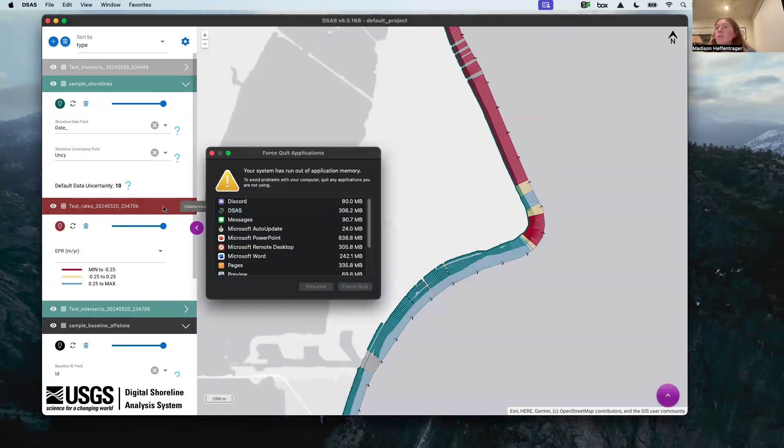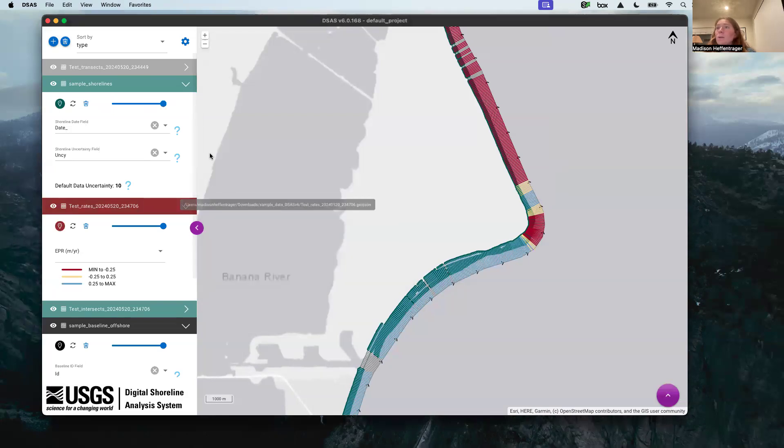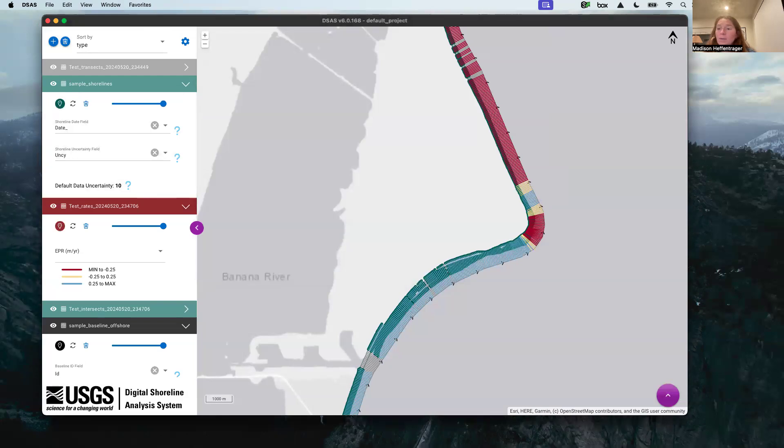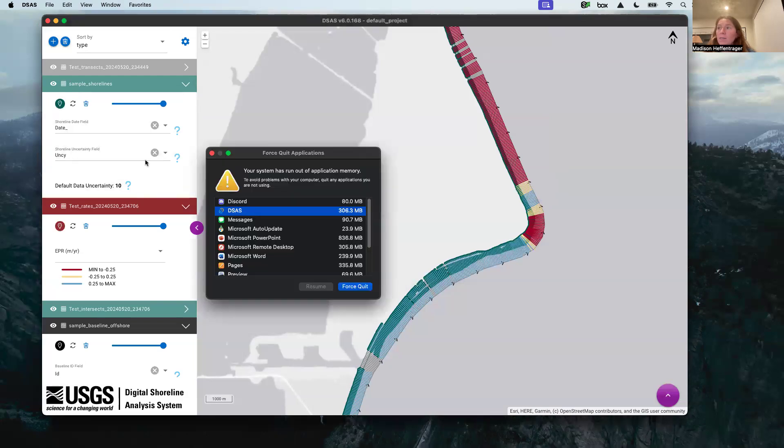So that's the end of this video. This is, like I said, the end product, but I'm going to show you how we can create those geo.json files that you need to get these transects and to get your results.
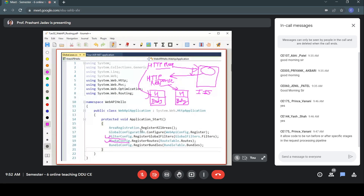For routing configuration: based on the URL in the HTTP request, the appropriate controller is selected and one of its action methods is executed. This is determined by setting up routes in the routing table.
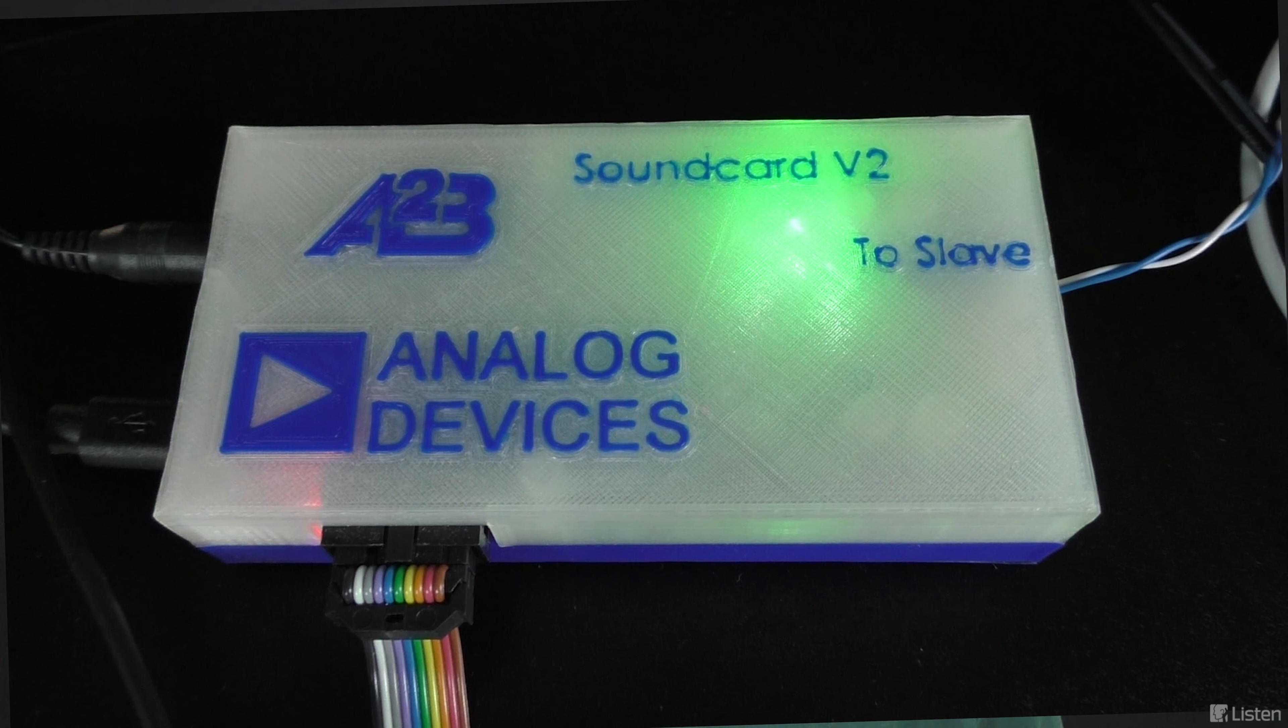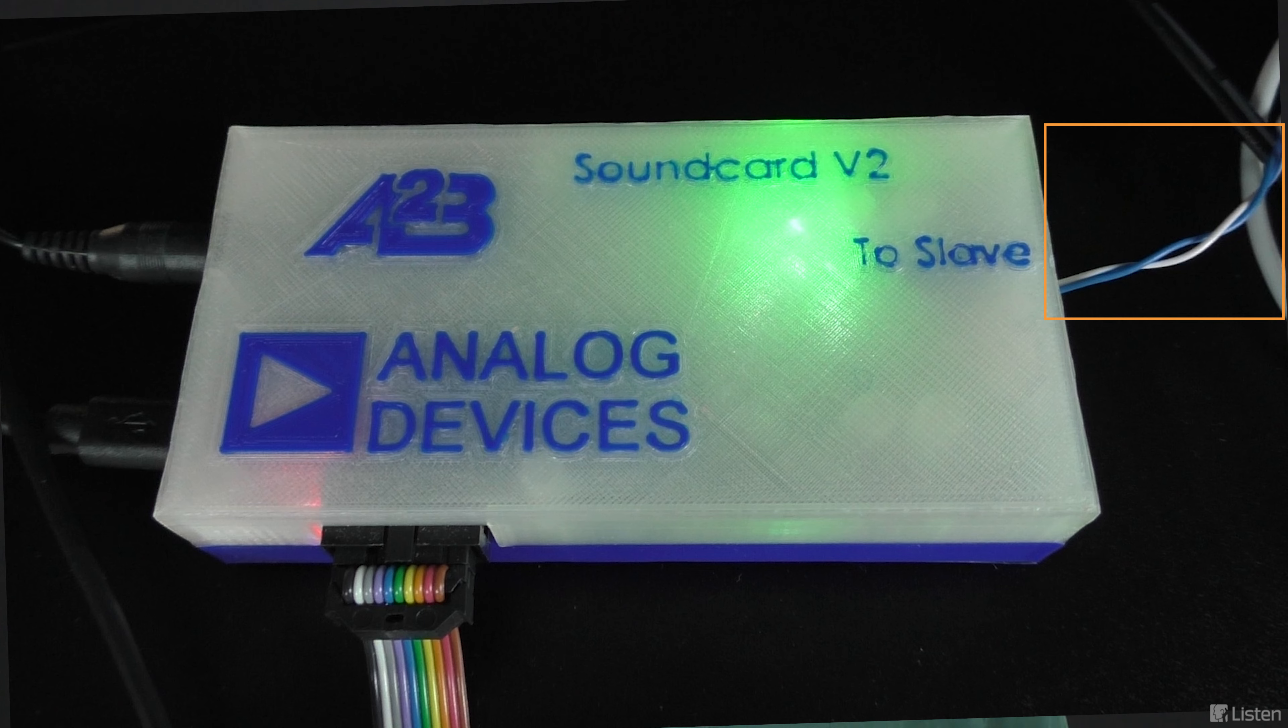It transports data and control information, clock, and power using a single, two-wire, unshielded, twisted-pair cable.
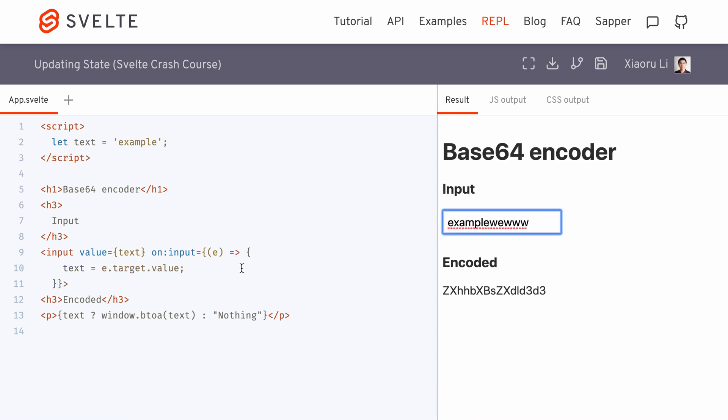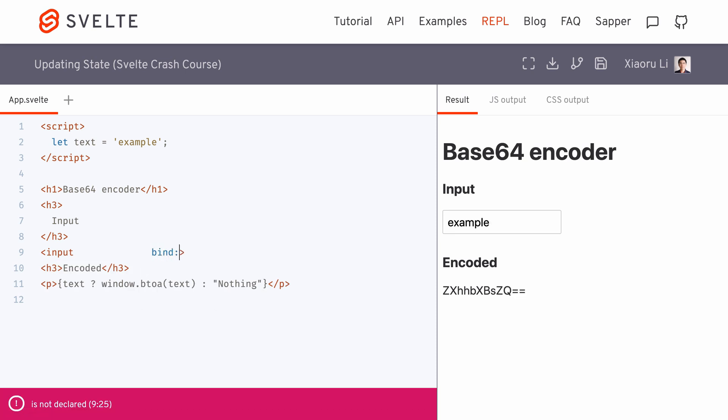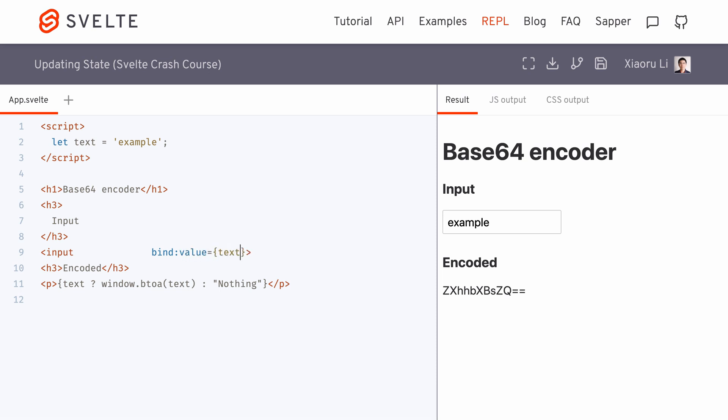In Svelte, we can actually define a two-way data binding to perform simple state updates like this with bind colon. A property should be followed by the colon, so in this case, we'll write bind colon value, then directly link it up with the text state variable.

------

> _About this task_
Print the whole listing again exactly, please. No pictures.

> _Problem solution_
So that's the end of this video. This is, like I said, the end product, but I'm going to show you how we can create those geo.json files that you need to get these transects and to get your results.
For routing configuration: based on the URL in the HTTP request, the appropriate controller is selected and one of its action methods is executed. This is determined by setting up routes in the routing table.
It transports data and control information, clock, and power using a single, two-wire, unshielded, twisted-pair cable.
In Svelte, we can actually define a two-way data binding to perform simple state updates like this with bind colon. A property should be followed by the colon, so in this case, we'll write bind colon value, then directly link it up with the text state variable.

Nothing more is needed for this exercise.